DIRECTIONS: Starting at the line that contains "Yamaha HS Series" in the listing below, write out every line word for word until you have written the line that contains "ICON 2021-2023 Ford".

DATASET EXTRACT:
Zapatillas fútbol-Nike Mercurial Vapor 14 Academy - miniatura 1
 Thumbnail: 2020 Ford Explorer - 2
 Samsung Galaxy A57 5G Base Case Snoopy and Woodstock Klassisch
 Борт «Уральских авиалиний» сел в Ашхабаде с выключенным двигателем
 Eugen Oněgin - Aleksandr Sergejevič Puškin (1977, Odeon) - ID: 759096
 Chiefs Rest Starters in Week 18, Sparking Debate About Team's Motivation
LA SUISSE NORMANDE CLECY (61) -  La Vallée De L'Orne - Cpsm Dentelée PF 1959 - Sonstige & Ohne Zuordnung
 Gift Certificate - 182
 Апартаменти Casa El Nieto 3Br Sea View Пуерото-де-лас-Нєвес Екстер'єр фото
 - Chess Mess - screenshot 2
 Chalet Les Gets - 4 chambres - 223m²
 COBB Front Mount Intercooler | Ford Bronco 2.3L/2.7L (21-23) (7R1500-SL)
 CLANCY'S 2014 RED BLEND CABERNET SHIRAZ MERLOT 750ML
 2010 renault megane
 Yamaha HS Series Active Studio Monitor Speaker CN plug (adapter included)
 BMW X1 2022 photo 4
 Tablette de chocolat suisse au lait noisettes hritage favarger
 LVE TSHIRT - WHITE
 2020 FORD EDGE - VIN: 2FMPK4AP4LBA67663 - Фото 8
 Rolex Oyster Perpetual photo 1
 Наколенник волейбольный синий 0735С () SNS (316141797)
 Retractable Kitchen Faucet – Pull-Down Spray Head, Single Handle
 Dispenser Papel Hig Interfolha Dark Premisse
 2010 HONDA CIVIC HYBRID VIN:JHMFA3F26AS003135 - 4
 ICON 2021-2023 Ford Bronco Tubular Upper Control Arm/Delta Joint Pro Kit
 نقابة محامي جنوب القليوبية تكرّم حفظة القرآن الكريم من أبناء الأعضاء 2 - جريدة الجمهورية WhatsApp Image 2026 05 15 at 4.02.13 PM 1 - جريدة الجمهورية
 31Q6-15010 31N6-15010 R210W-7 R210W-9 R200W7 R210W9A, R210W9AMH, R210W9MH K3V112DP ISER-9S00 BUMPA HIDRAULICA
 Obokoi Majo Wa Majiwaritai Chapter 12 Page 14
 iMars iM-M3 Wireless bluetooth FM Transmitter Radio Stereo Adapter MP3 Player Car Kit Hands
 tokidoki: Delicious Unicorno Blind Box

TASK OUTPUT:
 Yamaha HS Series Active Studio Monitor Speaker CN plug (adapter included)
 BMW X1 2022 photo 4
 Tablette de chocolat suisse au lait noisettes hritage favarger
 LVE TSHIRT - WHITE
 2020 FORD EDGE - VIN: 2FMPK4AP4LBA67663 - Фото 8
 Rolex Oyster Perpetual photo 1
 Наколенник волейбольный синий 0735С () SNS (316141797)
 Retractable Kitchen Faucet – Pull-Down Spray Head, Single Handle
 Dispenser Papel Hig Interfolha Dark Premisse
 2010 HONDA CIVIC HYBRID VIN:JHMFA3F26AS003135 - 4
 ICON 2021-2023 Ford Bronco Tubular Upper Control Arm/Delta Joint Pro Kit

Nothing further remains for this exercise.